Un pont, symbole de cette semaine offensive, doit être jeté entre le nord et le sud afin de briser le cercle vicieux. «Décider, c'est vaincre; ensemble faisons du paludisme une maladie du passé», clament les organisateurs, qui ont prévu quatre réunions internationales. La première aura lieu le 9 septembre à l'Assemblée nationale. Les parlementaires du nord et du sud y débattront des besoins de financements et des défis qui restent à surmonter. En dix ans, les budgets alloués à la lutte contre le paludisme ont été multipliés par plus de vingt : ils sont passés de 64 millions en 1998 à plus de 1,3 milliard de dollars en 2007, dont les deux tiers fournis par le Fonds mondial de lutte contre le sida, la tuberculose et le paludisme. «Pourtant, ces financements demeurent insuffisants, assure les Amis du fonds. Pour lutter efficacement, les besoins ont été estimés à 3,2milliards de dollars par an.»
Le 10 septembre, les différentes coalitions nationales qui existent dans le monde sont conviées à un partage d'expériences pour ce qui constituerait le début d'un grand partenariat. La coalition française, qui rassemble 23 organisations, a été crée en 2006 pour coordonner et optimiser l'action française contre le paludisme. Le lendemain, les acteurs du secteur privé évoqueront lors d'un petit déjeuner-débat, le rôle des entreprises et la nécessité de développer les coïnvestissements (publics-privés).
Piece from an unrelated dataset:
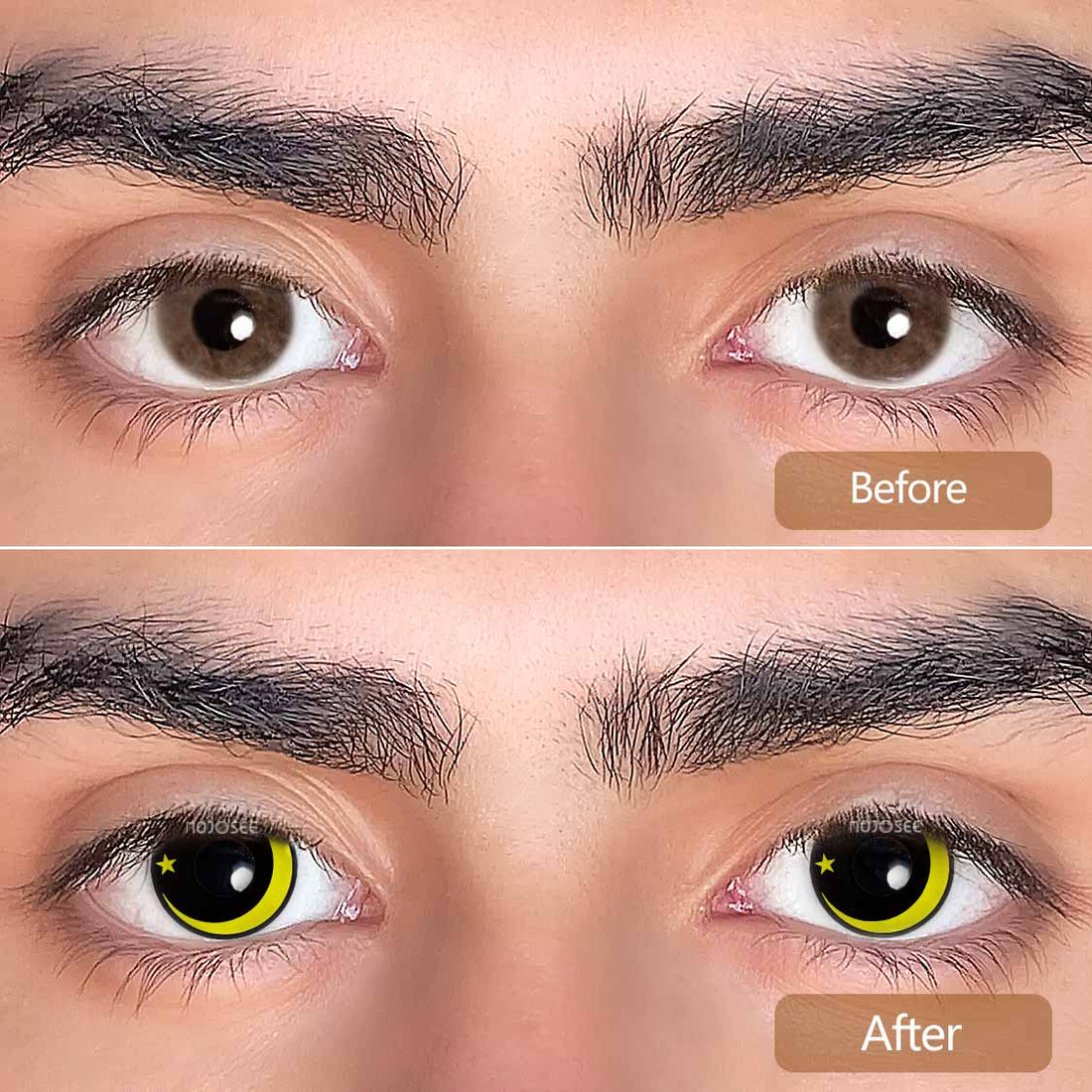 Moon star-yellow Colored Contact Lenses for Men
Enfin, lors d'une table ronde à l'Académie des sciences, les chercheurs, en sciences économiques, humaines, sociales, seront chargés d'élaborer des recommandations sur un nouveau mécanisme d'accès aux médicaments antipaludéens pour les populations les plus pauvres.
* Le livre de l'exposition est publié aux éditions Images en Manoeuvres, septembre 2008. Les photos ont reçu plusieurs prix, dont celui de la World Press et le prix Picture of the Year 2008.
Le coût humain
De 1 à 3 millions de morts par an.
De 350 à 500 millions de cas par an.
L'Afrique subsaharienne est la région la plus touchée (90 % des morts et 60 % des cas).
Le paludisme est la première cause de mortalité de l'enfant de moins de 5 ans en Afrique.